Wie die IS-Verbindungen des 29-jährigen Straßburgers algerischer Herkunft, der nach Bildern von Überwachungskameras, Zeugenaussagen - vor allem eines Taxifahrers, der ihn nach den Angriffen vom Zentrum der Stadt nach Neudorf gebracht hat - als Attentäter identifiziert wurde, genau aussehen, wird erst noch geklärt werden. Als religiöser Mann im Sinne von "fromm" ist Chekatt nach Medieninformationen nicht aufgefallen auch nicht als Leser religiöser Abhandlungen. Bei der Hausdurchsuchung wurden vor allem Waffen gefunden und nur spärlich religiöses Material.

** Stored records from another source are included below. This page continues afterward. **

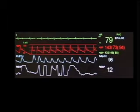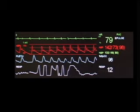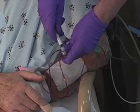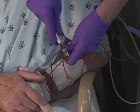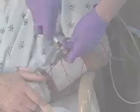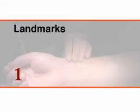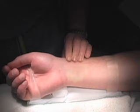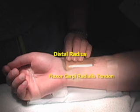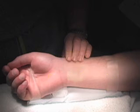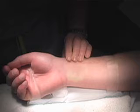Placement of an arterial line is indicated for continuous monitoring of arterial pressure and direct arterial blood sampling. The radial pulse is palpated between the distal radius and the flexor carpi radialis tendon. Prior to line placement, perfusion of the extremity should be checked.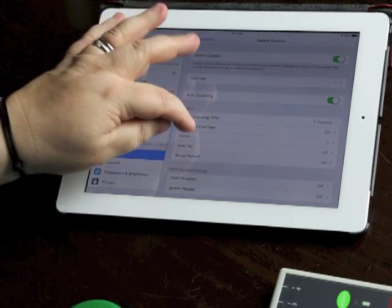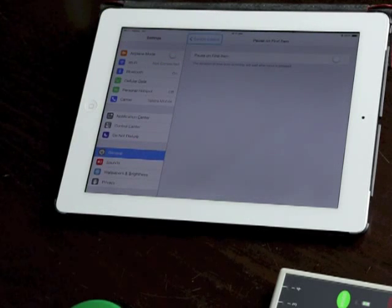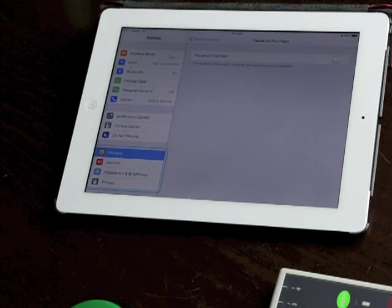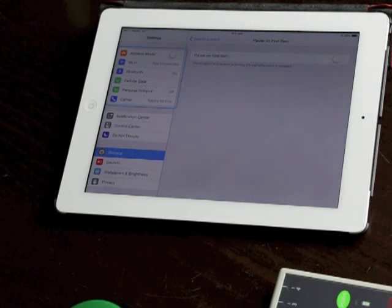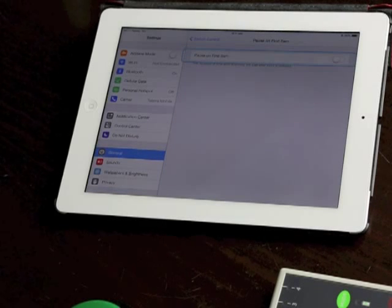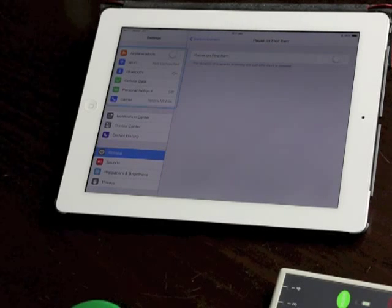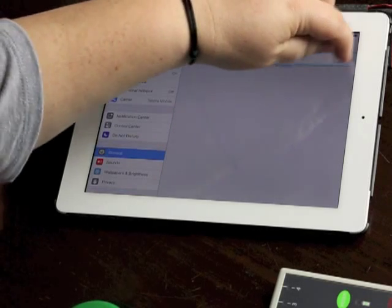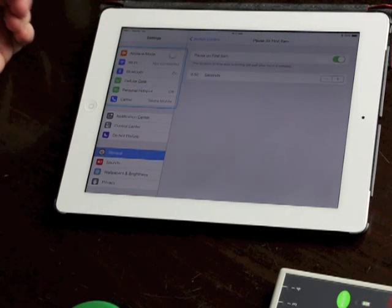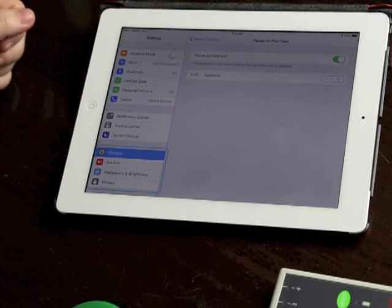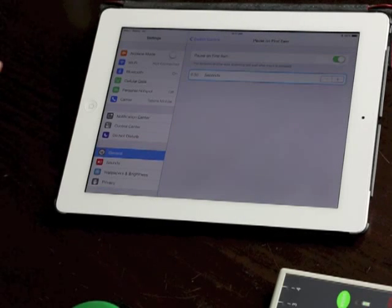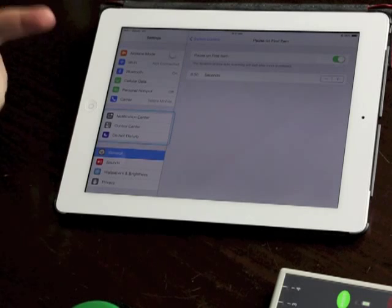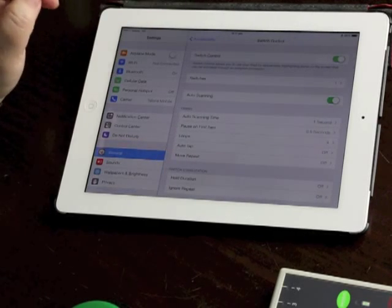Pause on first item is an interesting feature, it's something that's been available in traditional assistive technology. I know the Zygo McCaw used to have it and a lot of users that I worked with loved it, they loved having that extra time on the first item just to orient themselves and it made them much more accurate with their scanning. So I'm going to turn that on. The default is an extra half second so the first item will actually scan for one and a half seconds and then it'll move up to the one second timing.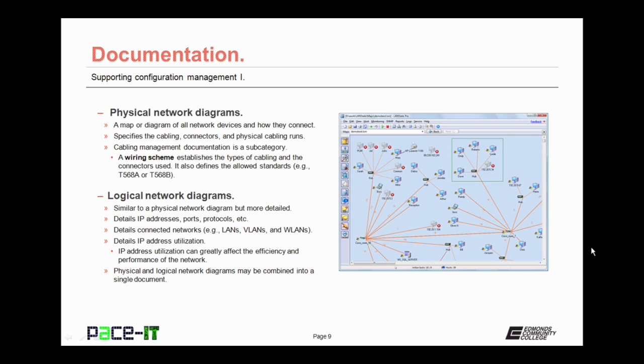Physical network diagrams should also be kept. These are a map or diagram of all network devices and how they connect. A physical network diagram specifies the cabling connectors and physical cabling runs. It will also include cable management documentation, which is considered a subcategory of the physical network diagram. The cabling management documentation will contain a wiring scheme, which establishes the type of cabling and the connectors used. It also defines the allowed standards for wiring those cables.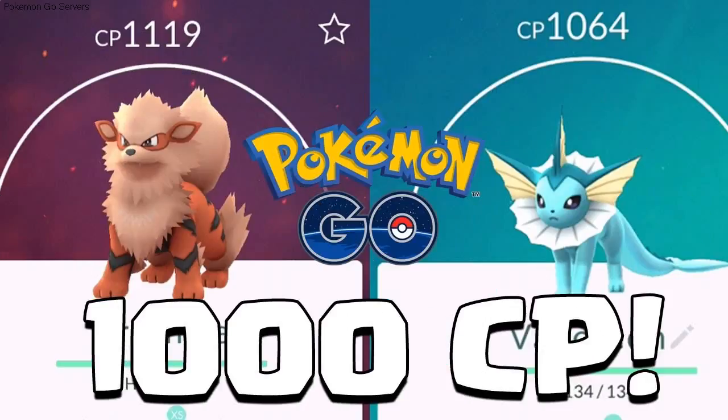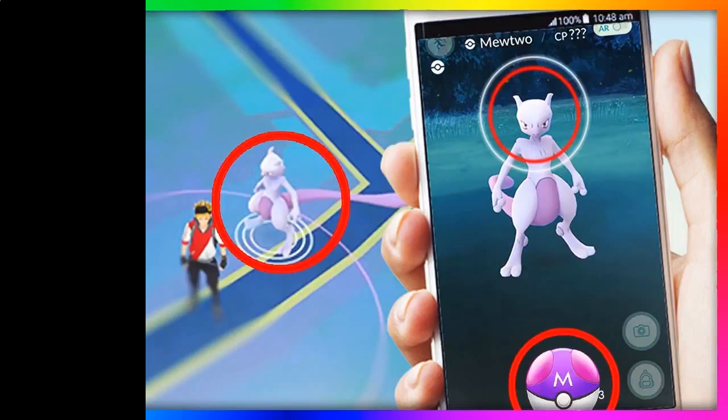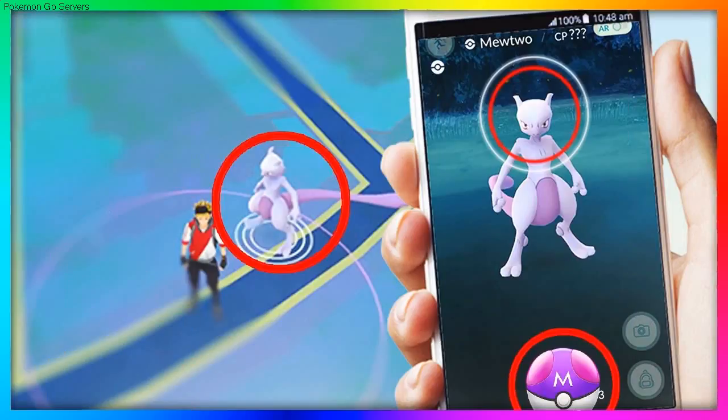They have expertise in custom app development, game app development, and multimedia app development.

Ein "hybrides Profil" und die Schwierigkeiten der Dienste

Die Justiz, Gefängnisinsassen, Polizei, Viertelbewohner, Nachbarn, die Geheimdienste und auch die in Frankreich geschaffene und immer wieder verbesserten Departements-Einheiten zur Einschätzung der Radikalisierung (groupes d'évaluation départementale de la radicalisation - GED) waren mit Chekatt überfordert.

Der Mann aus einer Familie mit 12 Kindern, darunter vier Brüder, die ebenfalls als Mehrfachtäter bekannt sind, war zwar im Viertel und im Gefängnis als jemand bekannt, der andere in aggressiver Weise von seinem Islamverständnis überzeugen wollte, aber er wird nicht als religiös geschildert, sondern als radikal. Dass in seiner Zelle 2008 ein Bild von Bin Laden hing, wird als symptomatisch dargestellt.

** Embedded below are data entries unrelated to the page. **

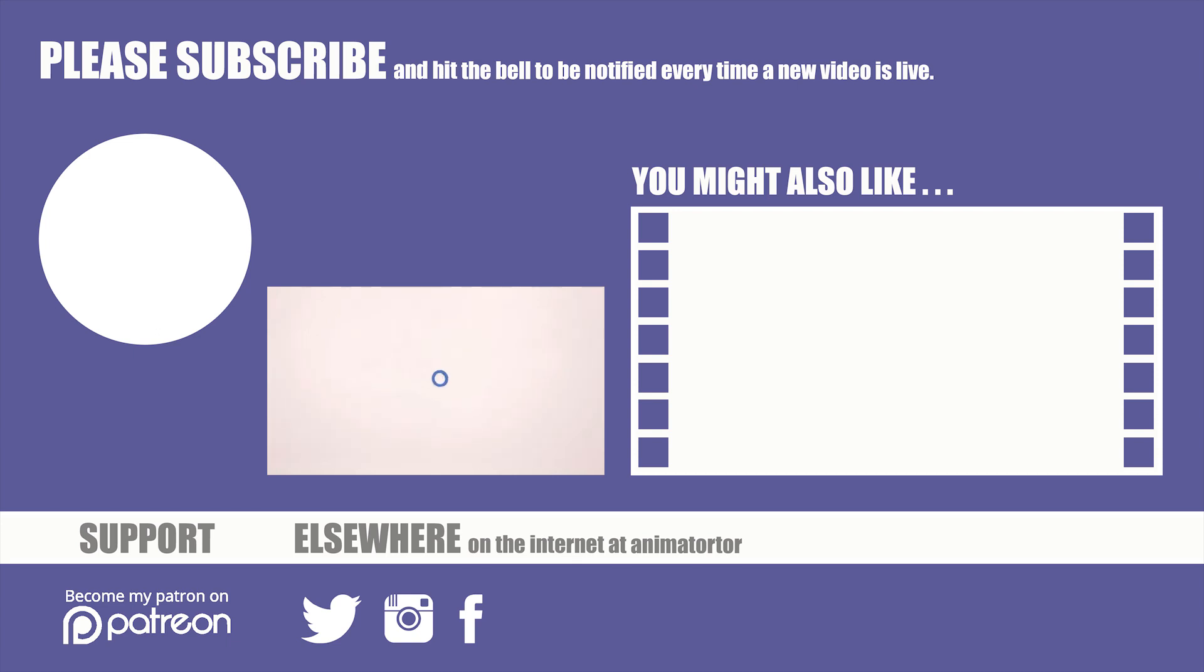If you enjoyed this video, please do like, and if you're not already subscribed to the channel, it's really easy to do. Just hit the subscribe button and tap the bell icon as well to be notified every time new tutorials go live. I'm currently hoping to put out one tutorial a week, so I'll see you in the next one.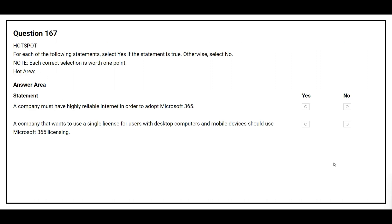Question number 167. For each of the following statements, select yes if the statement is true, otherwise select no. The first statement is: a company must have highly reliable internet in order to adopt Microsoft 365. The correct answer is yes. The second statement is: a company that wants to use a single license for users with desktop computers and mobile devices should use Microsoft 365 licensing. The correct answer is yes.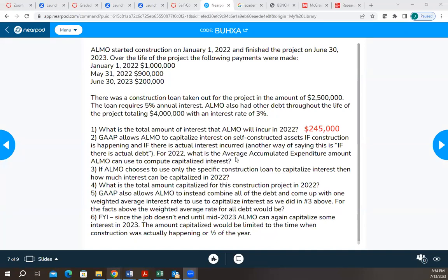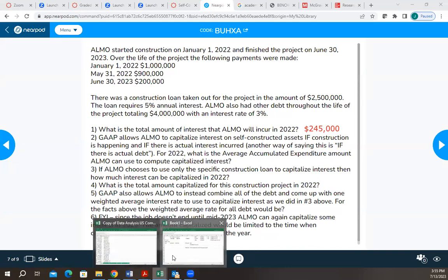This is the first step in calculating capitalized interest. We have to think about, on an annualized basis, how much money is tied up in this project. We actually wrote checks for a million and 900,000, but we only wrote the check for 900,000 at the end of May. So we can't really say 1.9 million is our total amount to compute interest on, because the 900,000 was only tied up in this project for part of the year. This process for average accumulated expenditure takes actual amounts paid and puts them on an annualized basis.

Symptomatisch für die Schwierigkeit, die Polizei und Geheimdienste mit der Einschätzung seiner Radikalisierung hatten, wird ersichtlich am "hybriden Profil", das man ihm zuschrieb, und anschaulich mit der Bezeichnung "zuerst Verbrecher, dann Islamist", die in einem Le Monde-Artikel zu finden ist, in dem Interessantes zutage kommt.

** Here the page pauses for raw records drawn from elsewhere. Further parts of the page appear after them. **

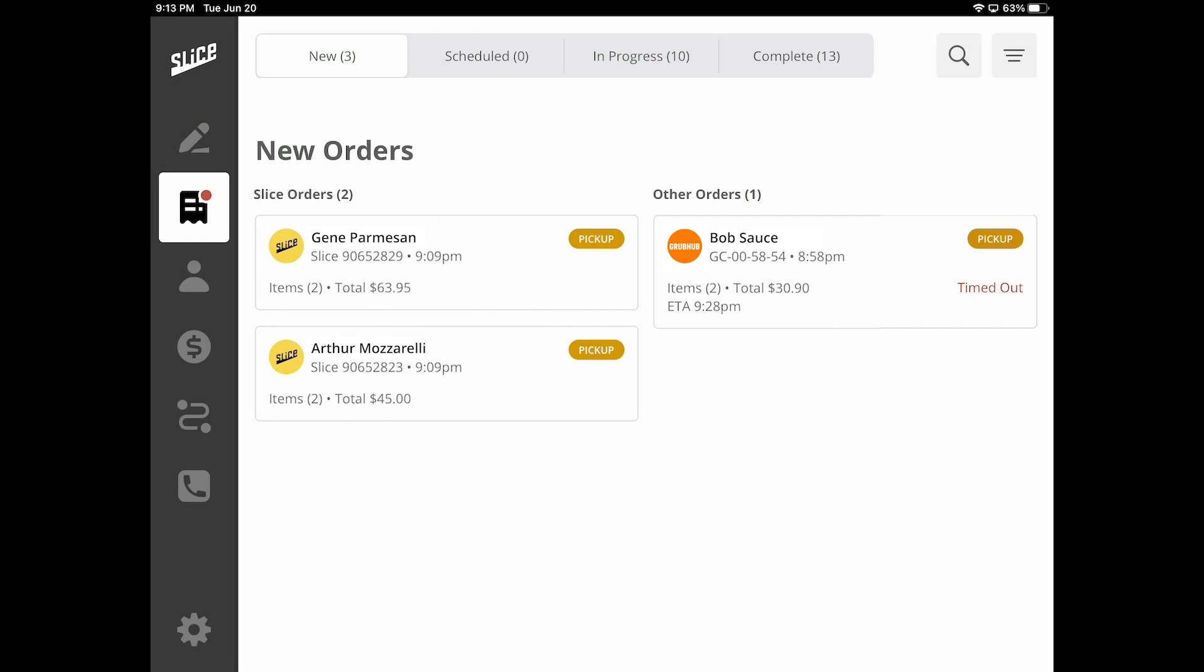If you wish to get the order back after this point, please contact the specific third-party platform and speak with their support team.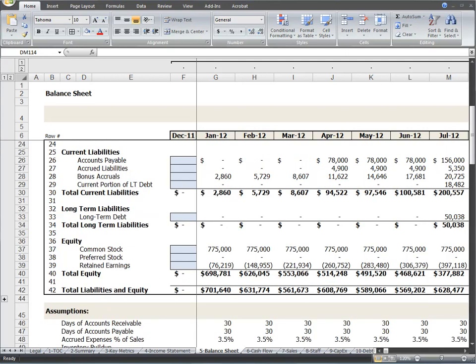As you continue to scroll down the page, the balance sheet includes current liabilities and long-term liabilities. This financial model includes detailed debt assumptions and automatic calculations that will insert into the balance sheet the appropriate amount of current portion and long-term portion of any debt you insert into the debt worksheet tab.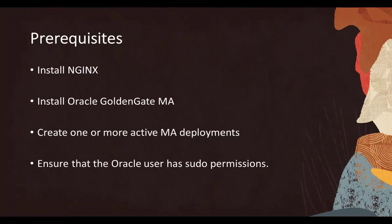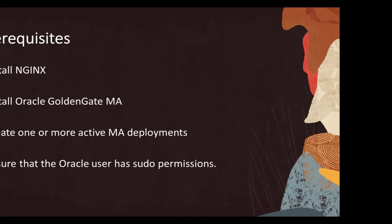Here are some prerequisites for configuring this setup: Install Nginx, install Oracle GoldenGate microservices, create one or more active MA deployments, and ensure that Oracle user has sudo permissions.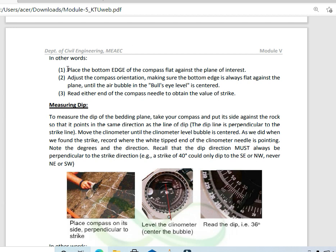To measure the strike, place the bottom edge of the compass flat against the plane of interest. Make sure the bottom edge is always flat against the plane. Then, level the compass with the help of the bull's eye level. Read either end of the compass needle to obtain the value of strike.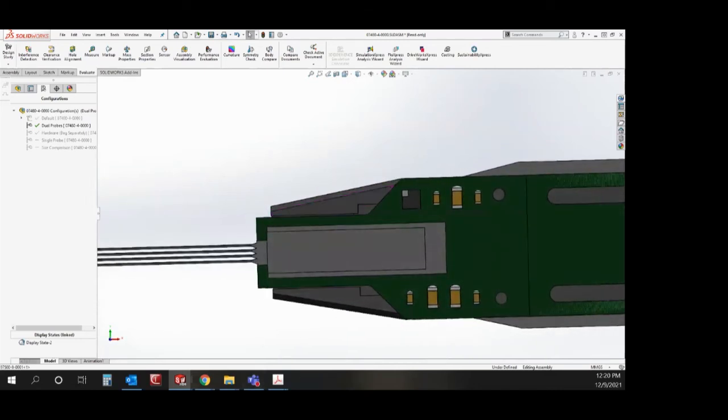We had a good question about the use at our beta test sites. Ed, do you want to touch on how our beta test sites liked our probe mount?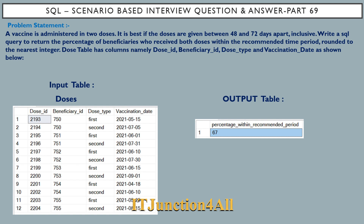Now let's come back to the problem statement. This use case is basically inspired by the administration of COVID-19 vaccines during the pandemic. You might recall that there was a recommendation interval of 48 to 72 days between the first and second dose. So this problem is all about: a vaccine is administered in two doses, and it is best if the doses are given between 48 and 72 days apart inclusive. Write a SQL query to return the percentage of beneficiaries who received both doses within the recommended time period, rounded to the nearest integer.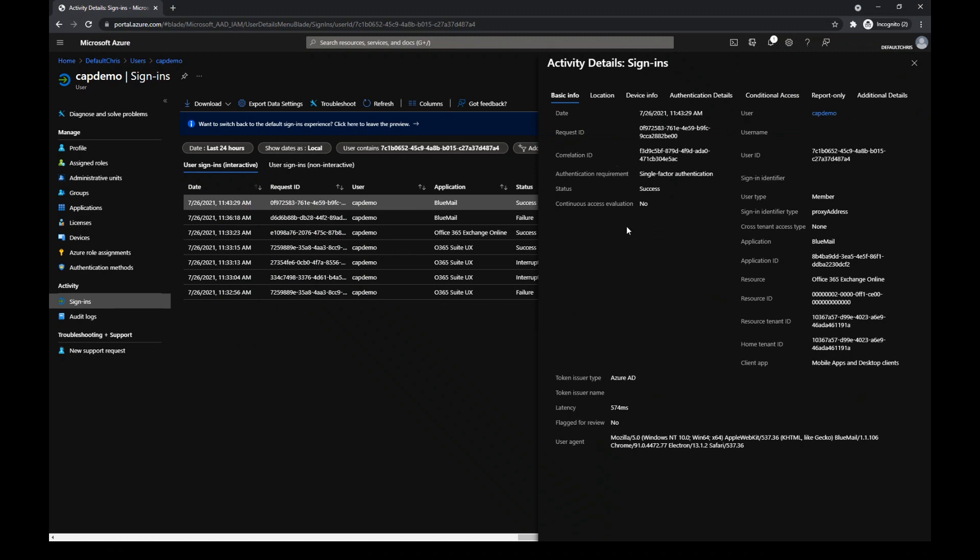For this, just go back to the basic info tab, and pay attention to the resource. As you can see, the resource is Office 365 Exchange Online. BlueMail is listed as the app, but conditional access policies are about protecting resources. So it is the resource field here that matters.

Dass die kriminelle Laufbahn Chérif Chekatts zu sehr vielen Urteilen, 27 laut Staatsanwalt, auch über Frankreich hinaus, in der Schweiz und in Deutschland geführt hat, häufig waren es Raubüberfälle, ist mittlerweile über Medien genügend bekannt gemacht worden. Bemerkenswert ist, dass Chekatt schon im frühen Alter von 10 Jahren damit auffällig geworden ist, wahrscheinlich dann in Neudorf, wo sein Leben beendet wurde.

Geheimdienste bei der Hausdurchsuchung

Interessant ist nun, was dem erwähnten Le Monde-Artikel, zu entnehmen ist, dass nämlich bei der genannten, erfolglosen Hausdurchsuchung am Morgen des Tages, an dem Chekatt seinen Anschlag im Umkreis des Straßburger Weihnachtsmarktes verübte, neben der Polizei auch Beamte zweier Geheimdienste anwesend waren, dem Inlandgeheimdienst DGSI und dem SCRT, der zur Nationalpolizei gehört.

Das dürfte auch in Frankreich nicht das übliche Vorgehen bei Hausdurchsuchungen von Kriminellen sein. Es zeigt sich nicht nur in diesem, sondern auch in anderen Berichten, dass Chérif Chekatt überwacht wurde; er stand im Visier des Geheimdienstes. Bekanntlich war er in der Gefährder-Datenbank mit der Kennzeichnung "fiche S" (S für Sicherheit). Allerdings nur mit der Einstufung 11, auf einer Skala von 1 bis 16, wobei 1 die höchste Gefährderstufe ist.

Ein vergleichsweise harmlos eingestufter Radikalisierter wird aber nicht aufwendig beschattet, wie Chekatt zumindest zeitweise. Das ganze technische Überwachungsrepertoire wurde in seinem Fall angewendet, heißt es in Medienberichten. Das ist sehr viel Aufwand für einen Gefährder der Stufe 11 und lässt den Schluss zu, dass ihn die Dienste für ziemlich gefährlicher gehalten haben.

Aber, so berichtet Le Monde, weder der Inlandsgeheimdienst noch die oben erwähnte Gefahrenevaluierungsgruppe, hatten deutliche Zeichen dafür, dass er zur Tat schreiten würde. Sie hatten damit auch keine Handhabe, den Gefährder im Hausarrest zu halten oder seinen Bewegungsspielraum mit einer elektronischen Fessel einzugrenzen (was wie ein früheres Attentat in Frankreich zeigte, Dschihadisten auch nicht wirklich von ihrer mörderischen Akt abhält).

So bestand laut Le Monde die Taktik darin, den Radikalisierten in Verbindung mit der Polizei über seine kriminellen Aktivitäten "zu kriegen". Dazu diente auch die Hausdurchsuchung am Morgen des 11. Dezember. Allerdings war Chérif Chekatt schneller. Möglicherweise entschied er sich dann dazu, zur Tat zu schreiten. Es bleiben noch viele Fragen offen. Sicher ist, dass wieder einmal über bessere Präventionsmöglichkeiten diskutiert werden wird.